ART decided to relocate anyway. Performances for the last two and a half years have been at 330 Amherst St., in a small building adjacent to the Sportsmen’s Tavern. The theater company was still there in March, when it found it had a hit on its hands with “Jesus Christ Superstar.”
But the sold-out shows brought more attention.
“Someone came one night and couldn’t get a ticket,” said Candice Kogut, ART’s artistic director.
There was a fuss, she said, with the turned-away patron wondering if the space was even legal.
On March 23, according to Morganti, his office received a complaint that a theater company was putting on shows at 330 Amherst St., “and that the building did not have proper exiting.”
Theatergoers would enter up two wooden steps that led to a tiny foyer and ticket window, adjacent to wooden risers holding seats for perhaps four dozen people. It would fit anyone’s definition of “funky,” and with tickets in the $15 to $20 range, the company seemed to relish taking theatrical chances, even though that could mean small audiences.
“Superstar” was different. A well-known and popular musical with a large local cast bringing in family and friends, the show was just about sold out before it started. There were six performances left when the fire safety office was called in.
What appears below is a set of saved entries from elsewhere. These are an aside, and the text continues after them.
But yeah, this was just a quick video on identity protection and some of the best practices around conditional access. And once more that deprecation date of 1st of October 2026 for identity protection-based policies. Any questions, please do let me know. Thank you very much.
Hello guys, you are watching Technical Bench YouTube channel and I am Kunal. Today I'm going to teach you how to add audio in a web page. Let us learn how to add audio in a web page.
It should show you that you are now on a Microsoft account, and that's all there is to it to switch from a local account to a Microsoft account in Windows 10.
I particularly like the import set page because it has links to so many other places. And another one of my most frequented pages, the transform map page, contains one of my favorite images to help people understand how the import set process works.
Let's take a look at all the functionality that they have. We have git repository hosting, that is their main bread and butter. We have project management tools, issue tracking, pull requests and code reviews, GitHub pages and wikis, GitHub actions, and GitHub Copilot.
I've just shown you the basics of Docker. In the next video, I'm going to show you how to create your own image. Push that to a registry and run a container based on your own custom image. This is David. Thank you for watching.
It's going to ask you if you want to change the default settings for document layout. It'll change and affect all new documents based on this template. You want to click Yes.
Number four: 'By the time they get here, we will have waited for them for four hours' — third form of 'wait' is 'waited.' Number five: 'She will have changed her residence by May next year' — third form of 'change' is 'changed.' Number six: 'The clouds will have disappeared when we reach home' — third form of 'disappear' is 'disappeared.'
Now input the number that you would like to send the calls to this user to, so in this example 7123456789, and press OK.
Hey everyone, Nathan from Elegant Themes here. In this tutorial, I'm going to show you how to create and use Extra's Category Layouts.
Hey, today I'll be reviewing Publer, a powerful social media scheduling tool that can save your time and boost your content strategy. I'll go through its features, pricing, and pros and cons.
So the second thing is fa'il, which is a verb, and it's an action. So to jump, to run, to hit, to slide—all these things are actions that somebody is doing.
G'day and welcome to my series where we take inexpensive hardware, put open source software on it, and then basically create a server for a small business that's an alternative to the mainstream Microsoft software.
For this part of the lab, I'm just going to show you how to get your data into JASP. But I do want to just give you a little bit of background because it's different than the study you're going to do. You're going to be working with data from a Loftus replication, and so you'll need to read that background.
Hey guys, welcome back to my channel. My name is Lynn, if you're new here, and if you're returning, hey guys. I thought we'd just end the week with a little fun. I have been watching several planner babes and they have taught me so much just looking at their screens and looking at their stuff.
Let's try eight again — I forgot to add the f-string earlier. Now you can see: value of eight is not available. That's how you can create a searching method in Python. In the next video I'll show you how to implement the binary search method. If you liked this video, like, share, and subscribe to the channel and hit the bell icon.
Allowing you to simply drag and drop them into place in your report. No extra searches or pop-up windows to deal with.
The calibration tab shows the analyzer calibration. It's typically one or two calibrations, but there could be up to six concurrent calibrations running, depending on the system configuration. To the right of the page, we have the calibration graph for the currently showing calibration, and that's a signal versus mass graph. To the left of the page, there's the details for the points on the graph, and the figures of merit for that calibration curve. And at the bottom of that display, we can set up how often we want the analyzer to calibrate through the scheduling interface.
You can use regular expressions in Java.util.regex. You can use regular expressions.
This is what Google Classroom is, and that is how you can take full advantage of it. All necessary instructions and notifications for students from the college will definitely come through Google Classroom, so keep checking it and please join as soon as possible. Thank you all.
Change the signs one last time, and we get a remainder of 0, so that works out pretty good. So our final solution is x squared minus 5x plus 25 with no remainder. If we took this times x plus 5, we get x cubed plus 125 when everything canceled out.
This time, Kogut said, the city didn’t work with them to meet the minimum requirements. Instead, she said, the theater was charged $100 an hour – $300 a night – to have a city fire marshal on site for each of the remaining performances.
For the theater, it felt like pay-to-play.
Morganti said it was a compromise to allow the show, once again, to go on.
The building was permitted for public use, he said, and had only one legal exit that had stairs (two steps) with no railing. The building’s second exit was inaccessible because it was blocked by the stage. “Lighting was by extension cords. Heating was by an outdoor patio heater (and) not properly vented.”
He said that he and Tom Brodfuehrer, a chief building inspector, considered the building to be unsafe and wanted to shut down the space but, so the performances could continue, they instead put a “fire watch” in place.
As for the $100 an hour, he said the money is billed through the Fire Department and “is based on what it cost the city for one of our members to be there.”
According to Morganti, LaChiusa met with his office after “Superstar” finished its run and was told what was needed to make 330 Amherst St. legal for theater. He also said that he told him the inspectors would check any future venues for compliance before the theater company leased them.
Faced with changing the Amherst Street site so that it would be both compliant and suitable as a theater venue, ART chose instead to move.
LaChiusa said he did not call the fire safety inspectors because he believed the building already was approved. It was being used as a photo studio and other groups had held short-run performances there. He said he had no reason to believe it was not compliant.
So, when the second performance of “The Rain Dogs Project” was shut down last Friday, LaChiusa and the ART performers who were forced to leave made it clear they felt singled out.
Morganti defends his timing, saying that, in the six weeks between the two shows, “We reached out to Mr. LaChiusa a couple of times to see how he was progressing, with no response.”
He said an officer did an internet search and saw the company was performing at 44 17th St. A check of city records showed the building was not officially approved for public assembly, and by that point he decided to personally investigate, accompanied by two arson investigators.
“I found many code violations and decided to shut the performance down and evacuate the theater,” he said.
The show did not go on as scheduled the next night, either, but the company has rallied, with the help of the local theater community.
“The Rain Dogs Project” is inspired by the music of Tom Waits, the man who fittingly said, “Well, for a brief time, I think everybody’s lived in a car.”
“Rain Dogs” has a new theater. Friday night, it will continue an abbreviated run in the Alleyway Theatre’s Main Street Cabaret.